The Court notes that the ALJ and the VE continued at some length after these hypotheticals in a colloquy about the transferability of the plaintiff's skills to other jobs, (see Tr. 78-88), but this discussion is irrelevant because the ALJ concluded in the decision that the plaintiff could perform her past relevant work.
III. THE ALJ'S DECISION
The ALJ must follow a five-step evaluation process as promulgated by the Commissioner to determine whether a claimant is disabled within the meaning of the Social Security Act (“SSA”). See 20 C.F.R. § 404.1520(a).In this case, the ALJ determined that the plaintiff met the insured status requirements under the SSA through June 30, 2023. (Tr. 31).
An ALJ determines a claimant's disability using a five-step analysis. See 20 C.F.R. § 404.1520. First, an ALJ must determine whether a claimant is currently working. See 20 C.F.R. § 404.1520(a)(4)(i). If a claimant is currently employed, then the claim is denied. Id. If a claimant is not working, then an ALJ must make a finding as to the existence of a severe mental or physical impairment. If none exists, then the claim is also denied. See 20 C.F.R. § 404.1520(a)(4)(ii). If a claimant is found to have a severe impairment, then the third step is to compare the claimant's impairment with those in 20 C.F.R. Part 404, Subpart P, Appendix 1 of the Regulations (“the Listings”). See 20 C.F.R. § 404.1520(a)(4)(iii); Bowen v. Yuckert, 482 U.S. 137, 141 (1987); Balsamo v. Chater, 142 F.3d 75, 79-80 (2d Cir. 1998). If a claimant's impairment meets or equals one of the impairments in the Listings, then the claimant is automatically considered disabled. See 20 C.F.R. § 404.1520(a)(4)(iii); see also Balsamo, 142 F.3d at 80. If a claimant's impairment does not meet or equal one of the listed impairments, then the claimant must show at the fourth step that she cannot perform her former work. See 20 C.F.R. § 404.1520(a)(4)(iv). If a claimant shows that she cannot perform her former work, then the burden shifts to the Commissioner to show at step five that the claimant can perform other gainful work. See Balsamo, 142 F.3d at 80 (citations omitted). Accordingly, a claimant is entitled to receive disability benefits only if she shows that she cannot perform her former employment, and the Commissioner fails to show that the claimant can perform alternate gainful employment. See 20 C.F.R. § 404.1520(a)(4)(v); see also Balsamo, 142 F.3d at 80 (citations omitted).
At step one, the ALJ found that the plaintiff had not engaged in substantial gainful activity since her alleged onset date of April 1, 2019. (Id.). At step two, the ALJ determined that the plaintiff had the severe impairment of peripheral neuropathy. (Id.).

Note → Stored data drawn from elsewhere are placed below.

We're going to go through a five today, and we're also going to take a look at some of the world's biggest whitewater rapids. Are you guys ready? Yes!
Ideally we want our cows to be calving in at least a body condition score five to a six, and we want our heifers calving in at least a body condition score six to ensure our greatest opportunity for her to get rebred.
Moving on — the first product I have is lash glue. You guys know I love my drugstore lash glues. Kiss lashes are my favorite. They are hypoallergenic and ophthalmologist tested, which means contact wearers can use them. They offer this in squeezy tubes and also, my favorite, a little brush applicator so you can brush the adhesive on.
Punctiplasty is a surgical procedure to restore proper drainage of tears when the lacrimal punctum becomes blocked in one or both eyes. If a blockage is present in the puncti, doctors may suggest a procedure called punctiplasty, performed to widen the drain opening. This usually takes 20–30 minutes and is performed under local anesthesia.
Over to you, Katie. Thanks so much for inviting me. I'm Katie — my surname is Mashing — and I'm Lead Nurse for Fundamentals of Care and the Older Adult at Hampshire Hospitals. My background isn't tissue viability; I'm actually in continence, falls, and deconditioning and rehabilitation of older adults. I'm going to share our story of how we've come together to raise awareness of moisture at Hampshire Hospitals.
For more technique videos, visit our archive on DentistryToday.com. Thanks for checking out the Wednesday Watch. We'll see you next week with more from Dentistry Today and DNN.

In addition, the ALJ determined that the plaintiff's stroke and degenerative disc disease of the lumbar and cervical spine were non-severe because her symptoms of stroke completely resolved, and the disc disease was being managed medically and was mild. The ALJ further determined that the plaintiff's “foggy thinking” or memory loss was not a medically determinable impairment because “mental status examinations at that time did not reflect any abnormality.” (Tr. 32).
At step three, the ALJ found that the plaintiff did not have an impairment or combination of impairments that met or medically equaled the severity of one of the listed impairments. (Tr. 32). In doing so, the ALJ considered listing 11.14, peripheral neuropathy. (Id.). See 20 C.F.R. part 404, Subpart P, Appendix 1, § 11.14.

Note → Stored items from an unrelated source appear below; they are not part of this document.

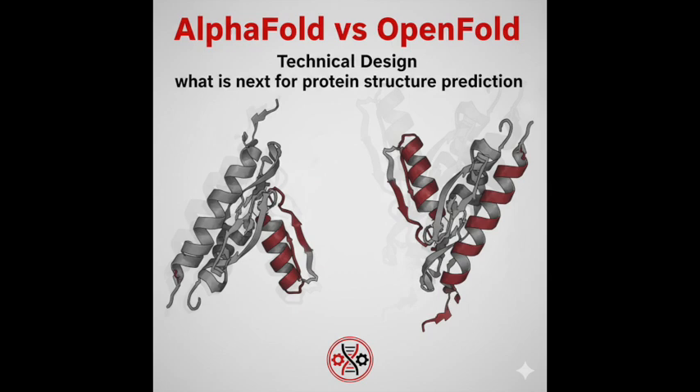They also added extra positional encodings — basically flags to tell the model if two amino acids are on different chains, and even whether those different chains are identical copies (homomers) or distinct types (heteromers).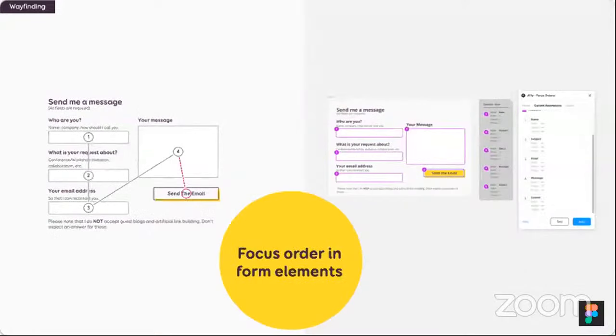You can also document focus order at the component level. Here I have a small form on two columns. I document the expected focus order: I want users to go through the left column first — who are you, what is your request, your email at the bottom left — then go to the right column: your message, and send the email. If you're in Figma, there's an interesting plugin called Accessibility Focus Order. You select the elements, give them numbers, and it generates the documentation for you. That can save quite a bit of time.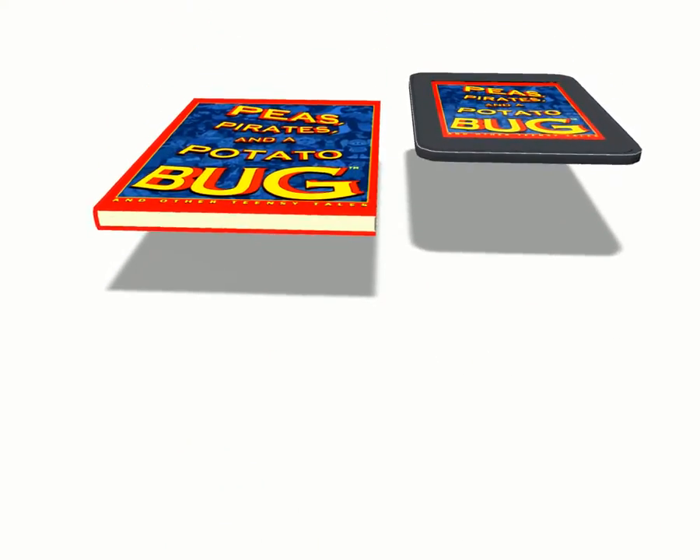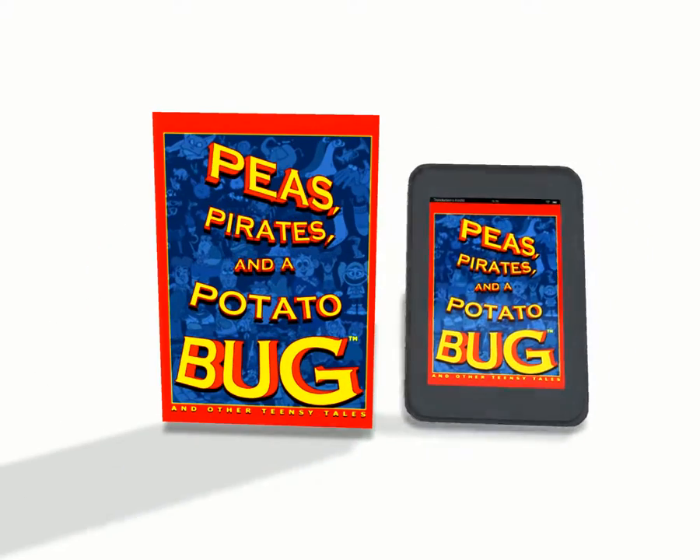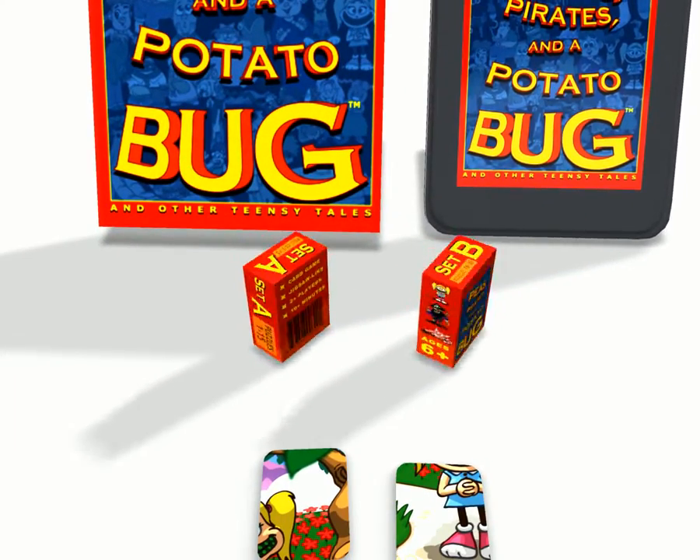Based in the charming and quirky book of children's rhymes called Peas, Pirates and a Potato Bug, comes a game you can play with your friends and family.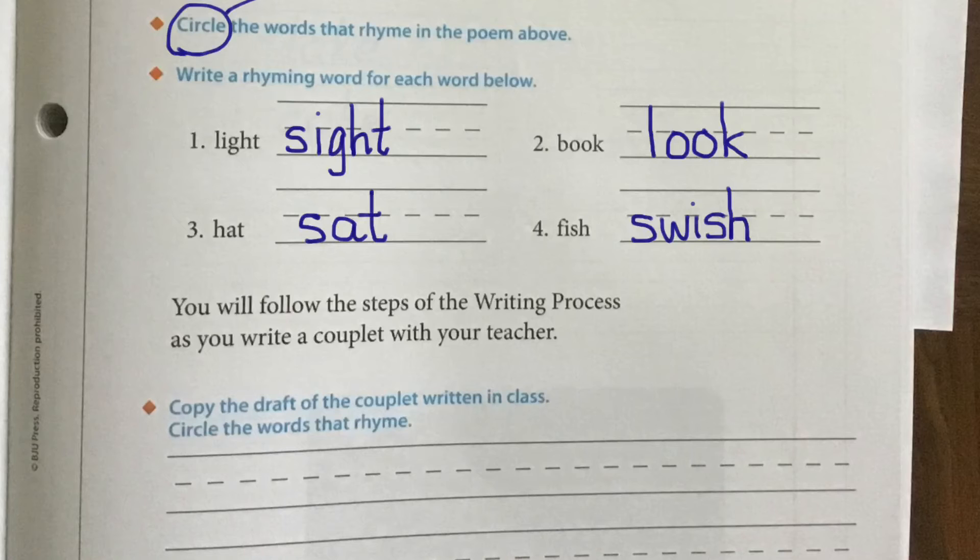Are there other words that we could write? Absolutely. If we were in school, you guys would all be taking turns coming up and writing different rhyming words on the board, but we can't do that here. So just go ahead and write the words that I wrote. Are there other words that rhyme with "hat"? Sure — we have sat, mat, rat, pat. There are lots of other words, but these are the words we're going to write just for this time.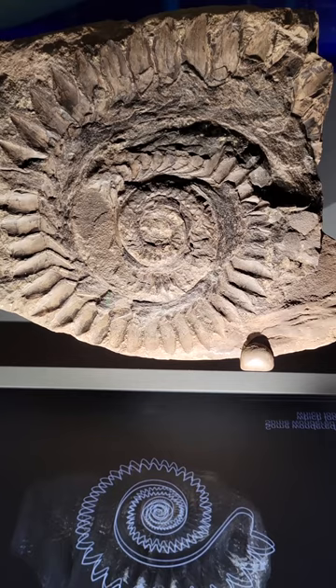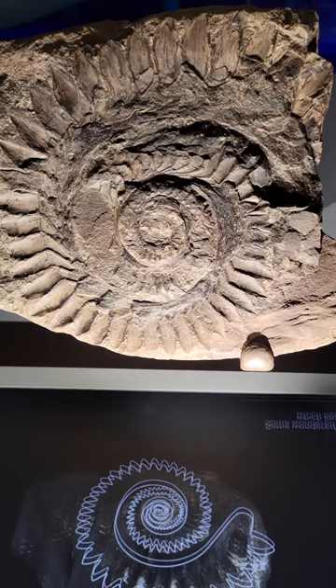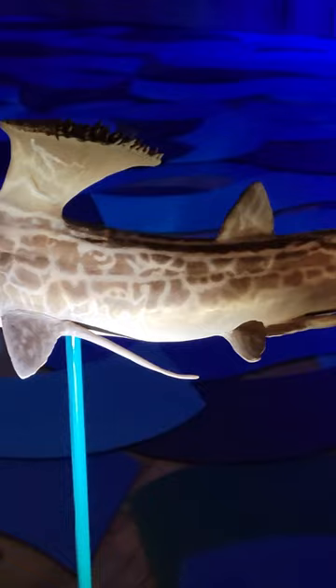Also known as the buzzsaw shark, it had a circular tooth whorl on its lower jaw. It lived during the Permian, some 299 to 251 million years ago. What the rest of the fish was shaped like remains a mystery.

Next, the ALJ determined that the plaintiff had the residual functional capacity (“RFC”) to perform medium work as defined in 20 C.F.R. § 404.1567(c) but was limited to: “lifting and or carrying 50 pounds occasionally and 25 pound[s] frequently; standing and or walking with normal breaks for a total of six hours in an eight hour workday; sitting with normal breaks for a total of six hours in an eight hour workday; frequent climbing of ramps or stairs, balancing, kneeling, crouching, or crawling; only occasional climbing of ladders, ropes, or scaffolds; frequent feeling; and, occasional exposure to extreme cold, extreme heat, vibration, or hazards such as machinery or heights.” (Tr. 32).
At step four, based on the testimony of the VE, the ALJ found that the plaintiff could perform her past work as a director of transportation (DOT # 184.117-014; skilled, SVP 8, sedentary exertion) as generally performed in the national economy. (Tr. 38). As such, the ALJ determined that the plaintiff had not been under a disability since the alleged onset date. (Tr. 39). Thus, the ALJ ended the sequential evaluation process at step four and did not proceed to step five.
IV. STANDARD OF REVIEW
“To be considered disabled under the [SSA] and therefore entitled to benefits, plaintiff must demonstrate that she is unable to work after a date specified ‘by reason of any medically determinable physical or mental impairment which can be expected to result in death or which has lasted or can be expected to last for a continuous period of not less than 12 months.'” Young v. Berryhill, No. 3:17-CV-00970 (SALM), 2018 WL 2947860, at *3 (D. Conn. June 12, 2018) (quoting 42 U.S.C. § 423(d)(1)(A)). To be considered disabled, an individual's impairment must be “of such severity that he is not only unable to do his previous work but cannot, considering his age, education, and work experience, engage in any other kind of substantial gainful work which exists in the national economy....” 42 U.S.C. §§ 423(d)(2)(A); see also 20 C.F.R. §§ 404.1520(c), 416.920(c) (requiring that the impairment “significantly limit[ ] ... physical or mental ability to do basic work activities[ ]” to be considered “severe”).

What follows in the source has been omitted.